The digital transformation has triggered changes in all areas of society. Accordingly, many people are facing new challenges. And we should finally admit: It’s not always easy. Therefore, with this article, I would like to discuss why we are having such difficulties with the challenges.
I want to start with an event that I experienced myself and draw a few conclusions based on this event.
Digital Transformation: The Event: Excitement During A Group Hike
Some time ago, I took part in a group hike. The hiking route was divided into two parts, with the tour guide specifying a walking time of around 2.5 hours for the first section and around 1.5 hours for the second section.
It was taken into account that the hiking group consisted of rather leisurely walking people, which is why the tour guide had planned around 20 to 30 minutes extra for each section of the walking time.
One participant did not fully agree with the information given by the tour guide. She supposedly knew the route and thought that the entire route cloud not be done in less than five hours, more likely in at least six hours.
She had great difficulties, especially with the walking time on the second section. She was convinced that at least two hours should be planned for this route, better a little more.
Digital Transformation: What Does Google Maps Say?
Since I knew the tour guide well and knew that she plans the hiking routes very quickly, I was fascinated by the situation.
A quick search on Google Maps showed me that the route was 3.6 kilometers in total. There were a few vertical meters to overcome, but these weren’t particularly challenging. Therefore, I did not understand how one should plan two hours of walking time for a distance of 3.6 kilometers, as requested by this one participant.
Assuming that a normal walker can do about five to six kilometers an hour and add a buffer, the hour that Google Maps indicated was generous, especially because Google Maps considers increases in the distance covered.
After I carefully pointed out the information on Google Maps to the participant, she became very excited. They know the route and know that the walking time is at least 2 hours.
Their energetic insistence on their supposed knowledge then led part of the hiking group to decide to break off the hike after the first section because the second section would then take too long.
The other part of the group, which I also belonged to, arrived at the destination after just under an hour. And that, although this group walked slowly and took various breaks for photos – as indicated by Google Maps.
My Amazement: Experience Better Than Data?
The event described above kept me very busy in the days that followed. Not necessarily because the participant insisted so vehemently on her memory or because she quarreled with the tour guide, who at least professionally dealt with the organization of hiking tours.
What concerned me was that, on the one hand, the underlying facts of the event could not be logically analyzed by the participant: How should it be possible to need two hours to walk for a distance of 3.6 kilometers?
On the other hand, I was amazed that the route analysis by Google Maps and the resulting conclusion for the walking time did not play a role for this participant in this situation. And that even though, like all the other participants, they almost always used Google Maps to calculate driving or walking times.

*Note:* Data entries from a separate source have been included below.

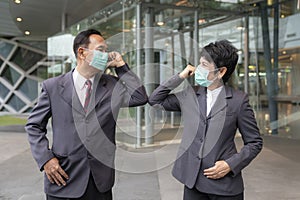 Old asian business people greeting togather by new methode with mask for prevent covid 19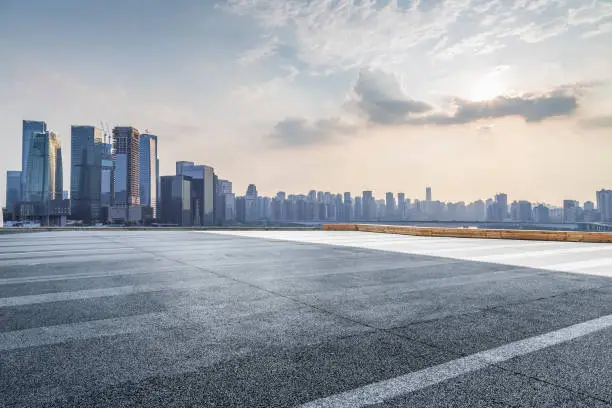 Photo of Panoramic skyline and buildings with empty road，chongqing city，china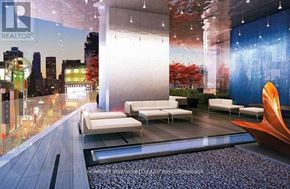 Toronto (Church-Yonge Corridor) condo for rent - A modern living room with a cityscape view.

The participant preferred to trust her memory than current data and analyses from Google Maps. An app that you normally trust without thinking.

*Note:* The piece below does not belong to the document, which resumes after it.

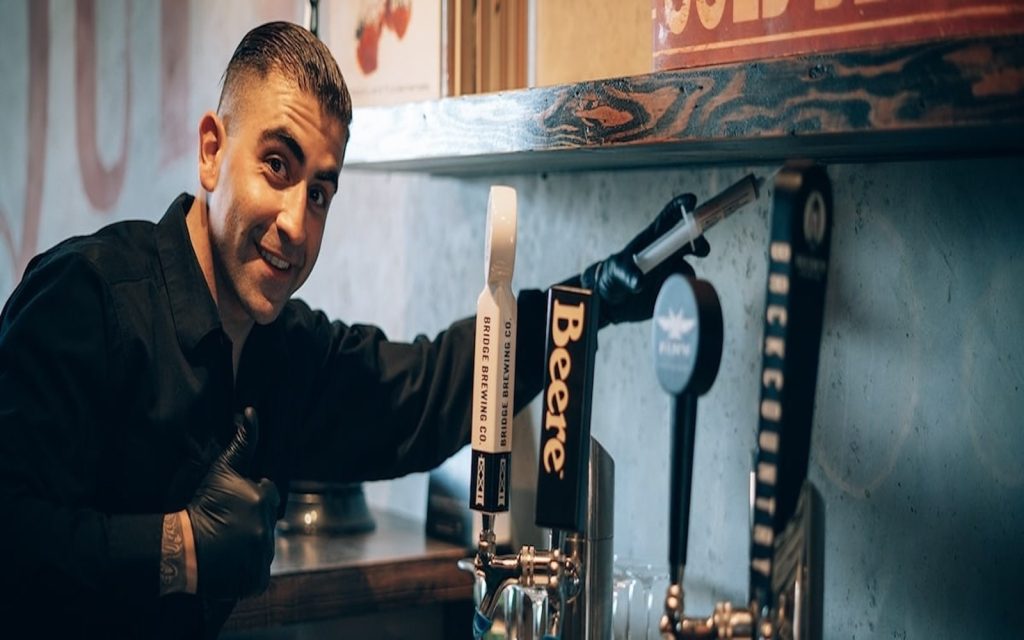 Phantom technician in black gloves beside the beer taps behind a bar counter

Digital Transformation: It Isn’t Easy
Now you might think that my experience has only very little to do with the challenges of digital transformation. On the other hand, I think that this situation reveals a lot about where the challenges are coming from.
The participant only had one right choice: to trust the information provided by Google Maps. Everything spoke for the correctness of the information from Google Maps and nothing for the correctness of your memory. However, the information from Google Maps was irrelevant to them. And I mean, that’s a very typical decision.
When In Doubt, We Trust In Ourselves
It is now well known that computers and software make better decisions than humans in many areas. Nevertheless, in my opinion, there is always a lack of trust in the correctness of digital developments.
Whether these are self-driving cars, medical robots, or the development of individual learning plans for students based on their learning progress – when in doubt, we trust ourselves and that we make better decisions than computers.
We are convinced that computers and software don’t make nearly as good decisions as humans in some areas. Let alone better ones!
Many of my fellow lawyers still think that computers cannot check contracts or even better than humans. In my opinion, this thinking is a big mistake that will cause a rude awakening to some colleagues.
Digital Transformation: What Needs To Be Done?
In my opinion, it is precisely this difficulty in dealing with the digital transformation that prevents us from exploiting the potential of the changes. Instead of trusting digital opportunities, we fall back on flawed human conclusions, even though the benefits of digital tools have even been proven.
How can we create more trust in the digital possibilities and the positive results of the change processes? I want to start a discussion with all readers. I hope I set an interesting starting point with this post.
Tell me in the comments what you think is preventing us from drawing the full potential of the digital change processes. I am looking forward to your contributions!